Prompt>
Print every line of the listing below, starting with the line that holds "Luyện Khí Chi Thần Chapter 140.2 - Trang 2" and going on through the line that holds "feet by Torsten Schaffarz", both included, and print nothing else.
-------- Excerpted data
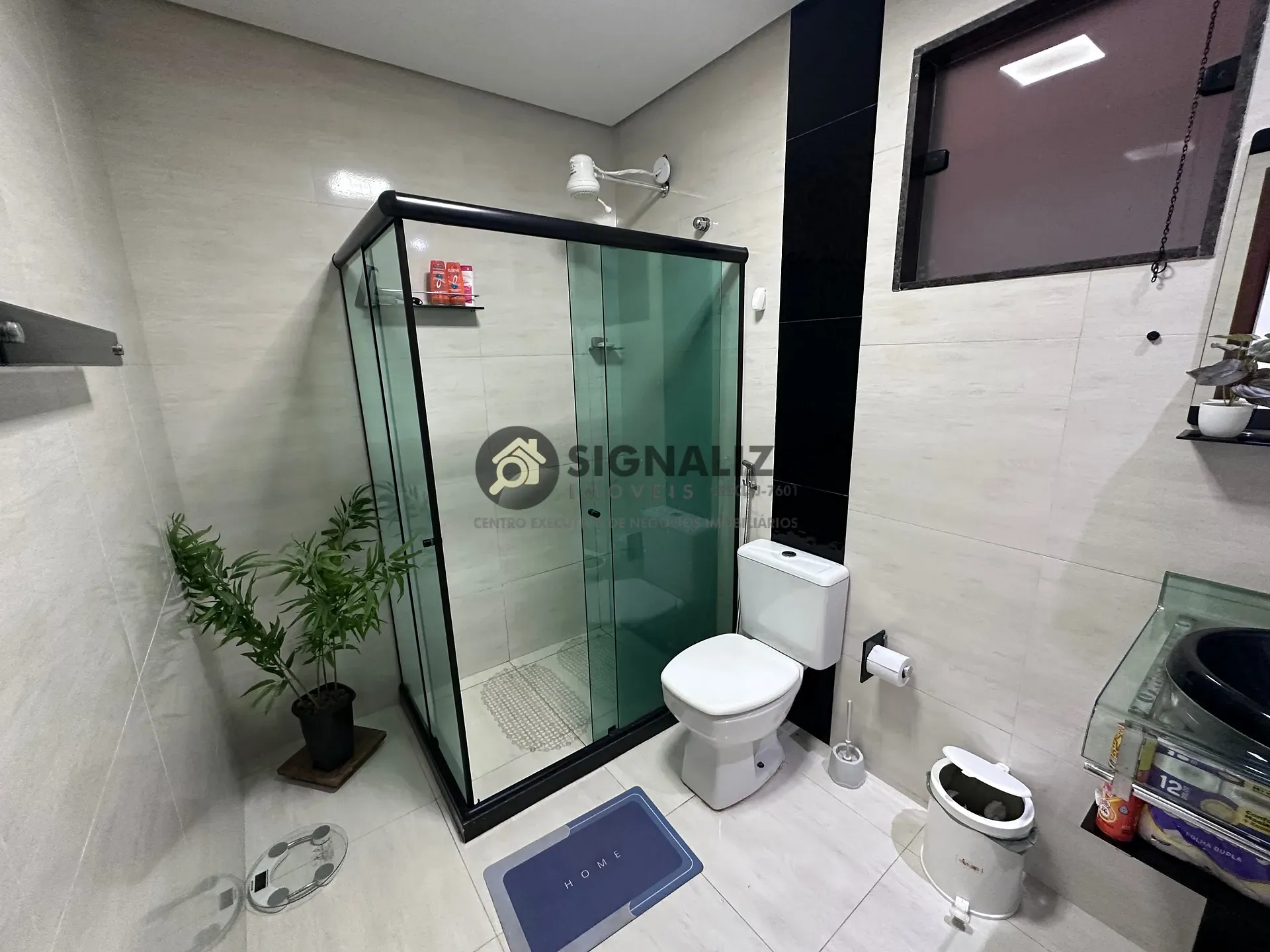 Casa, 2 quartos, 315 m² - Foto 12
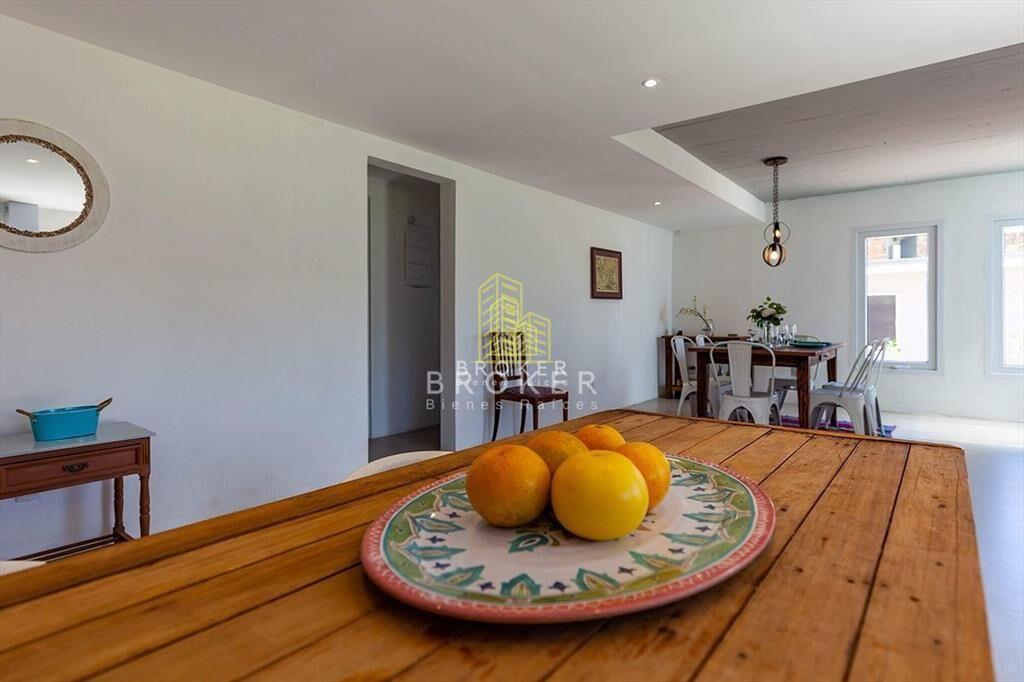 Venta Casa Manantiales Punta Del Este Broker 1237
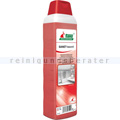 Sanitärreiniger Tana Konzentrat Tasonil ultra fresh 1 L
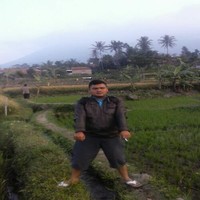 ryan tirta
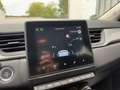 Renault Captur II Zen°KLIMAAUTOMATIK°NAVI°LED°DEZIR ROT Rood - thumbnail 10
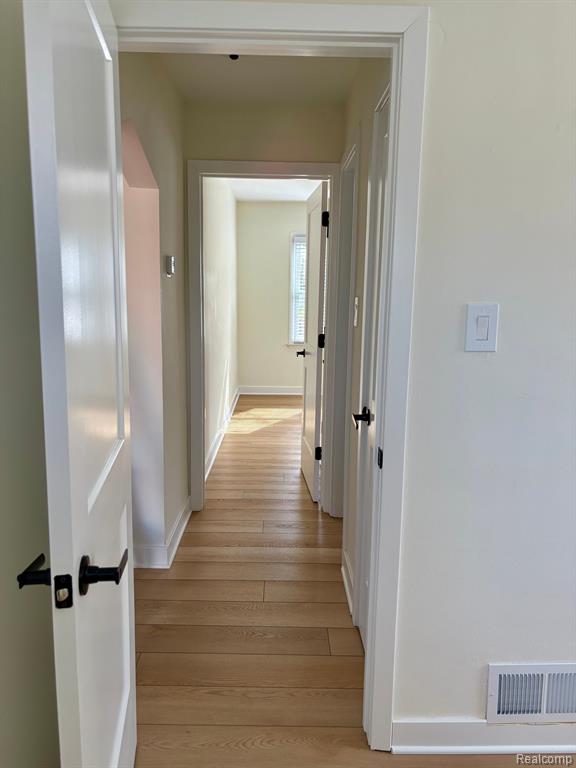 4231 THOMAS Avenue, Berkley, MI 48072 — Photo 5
----------------
-------- Excerpted data
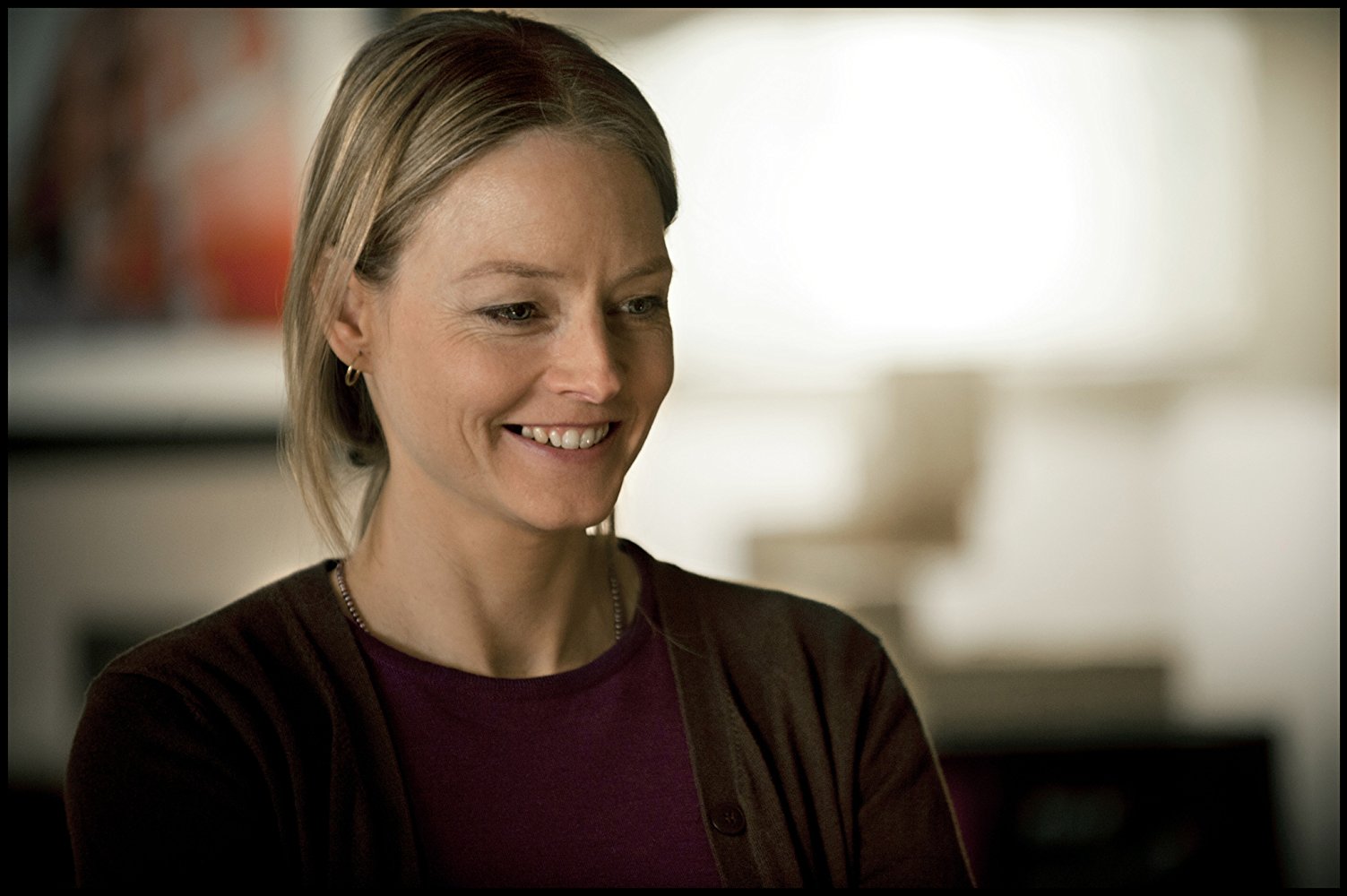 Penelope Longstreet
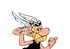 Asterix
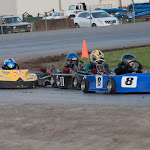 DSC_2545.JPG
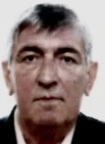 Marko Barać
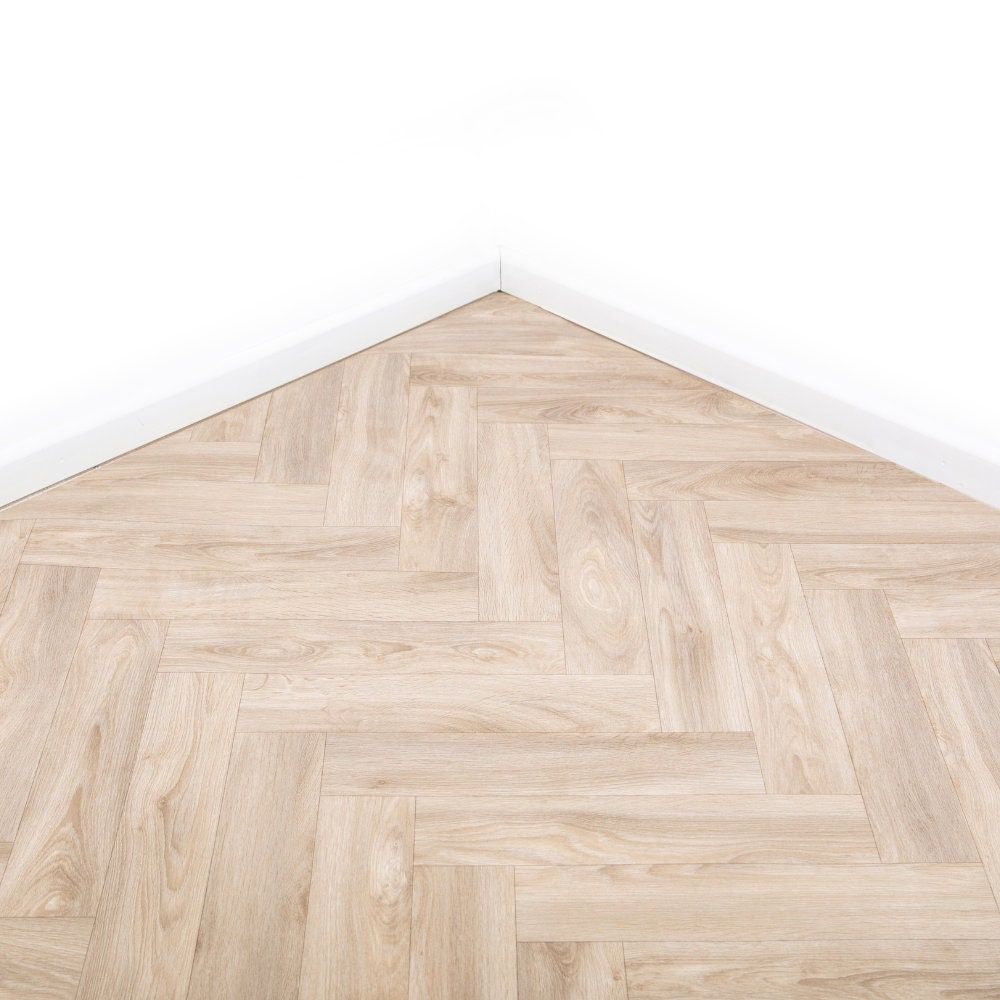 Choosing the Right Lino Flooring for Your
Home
----------------
-------- Excerpted data
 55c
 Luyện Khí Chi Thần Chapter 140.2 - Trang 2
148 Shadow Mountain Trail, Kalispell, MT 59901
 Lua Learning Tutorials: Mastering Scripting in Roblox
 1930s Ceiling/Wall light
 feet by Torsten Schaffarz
----------------
Task result>
 Luyện Khí Chi Thần Chapter 140.2 - Trang 2
148 Shadow Mountain Trail, Kalispell, MT 59901
 Lua Learning Tutorials: Mastering Scripting in Roblox
 1930s Ceiling/Wall light
 feet by Torsten Schaffarz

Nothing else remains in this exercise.